A high-level courtesy call by non-profit organisation INMED Caribbean on Minister Floyd Green and officials from the Ministry of Agriculture and Fisheries has resulted in an endorsement from the minister for the organisation’s Increasing Access to Climate-Smart Agriculture (IACA) initiative.

The call included representatives from the Jamaica Agricultural Society (JAS), 4H Clubs, Rural Agricultural Development Authority (RADA), National Fisheries Authority as well as business consultants and technical advisors.

INMED Caribbean and the Ministry of Agriculture will be exploring a collaboration to promote and encourage the institutionalisation of aquaponics in schools as a viable agricultural technology to combat climate change. This will be embarked upon through a proposed partnership with the Ministry of Education and synergies with the Jamaica 4-H Clubs as well as deepening the current partnership with RADA while engaging with the JAS and the Fisheries Division.

The discussions are taking place amidst the current pandemic which has created numerous global environmental, social and economic challenges. The INMED Caribbean team, since 2017 through funding by IDB Labs, has been seeking to build capacity in aquaponics production locally with a number of initiatives aimed at building a local aquaponics industry, as a response to climate change and its impacts on local food security.

According to Project Manager Earl Ashley, “The onslaught of COVID forces us to look at the ‘sustainability corridor’ which now requires innovations exceeding traditional paradigms”.

Through the IDB Lab-funded programme, INMED has created a framework for the success of aquaponic enterprises, through training, technical support, the provision of favourable loan terms through partnering financial institutions and the negotiations for access to markets for aquaponic produce.

Aquaponics is a climate-adaptive agriculture technique that combines aquaculture (fish farming) with hydroponics (soil-less crop production). Aquaponics consumes up to 90 per cent less water, is scalable to any space (urban or rural) and is resilient allowing farmers, entrepreneurs and householders to combat weather as it recycles the water in the system, allowing for healthy plant growth through droughts and in areas with little water.

The programme mitigates against climate-related threats to the agricultural sector that affect vulnerable farmers without the technology, knowledge, and financing to implement adaptive measures.
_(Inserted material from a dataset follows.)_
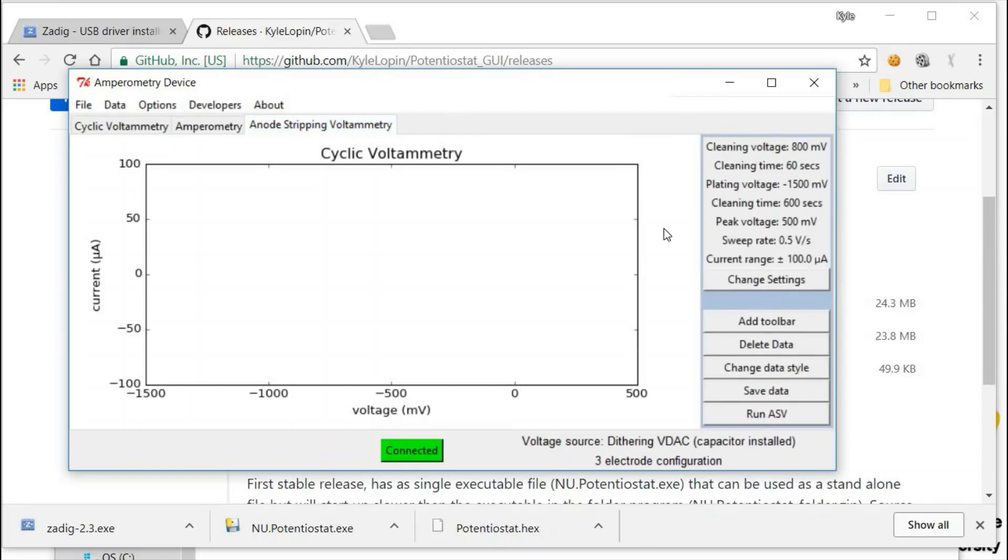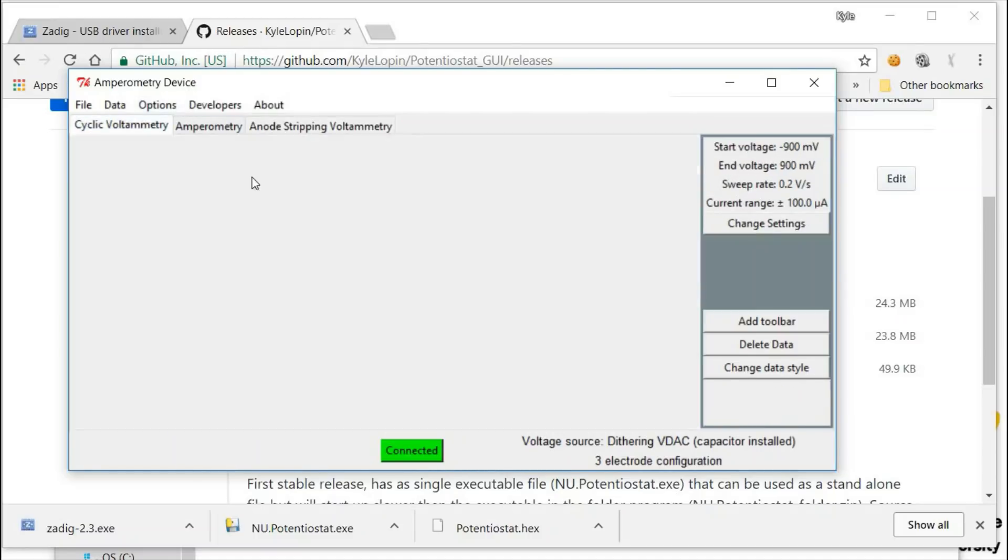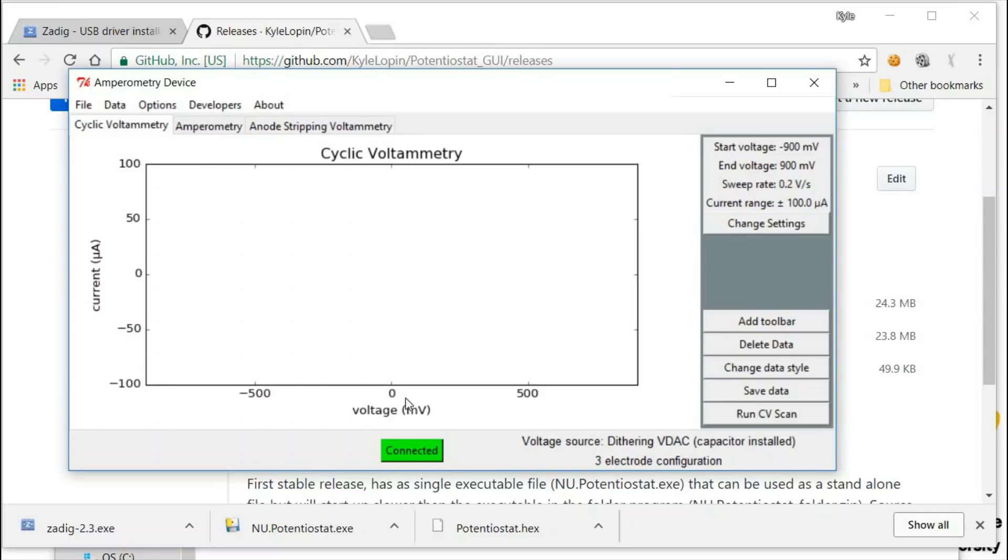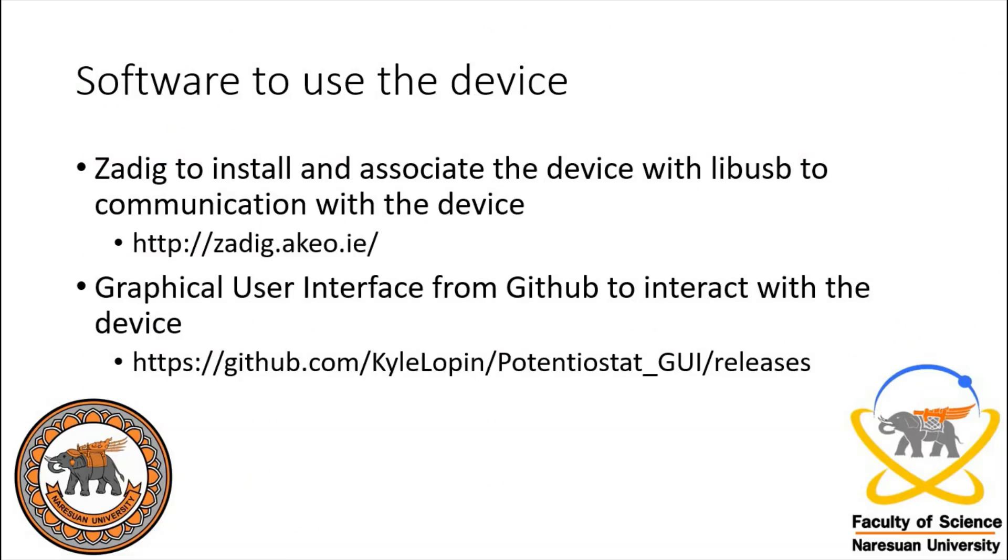You can do anodic stripping voltammetry where you can set the cleaning voltage, time, plating voltage, and the peak voltage in the sweep rate. Now that we have the device connected in the controller, we're going to test it.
Project manager for INMED Caribbean, Earl Ashley, welcomed the minister’s positive response, noting, “We are happy to have the minister of agriculture take such a keen interest in the aquaponics technology as aquaponics presents a practical option for those who want to make a living from agriculture, allowing for shorter crop cycles and higher yields within limited spaces. Aquaponics not only presents a sustainable way to improve rural livelihoods and enables the production of high-quality crops as a source of income but also allows persons within the city create great income earning opportunities within their own backyards.”

Minister Green stated stated that, “Expanding the size of Jamaica’s agriculture sector and creating opportunities for sustainable and climate-resilient farming is of the utmost importance for the Jamaica Government.”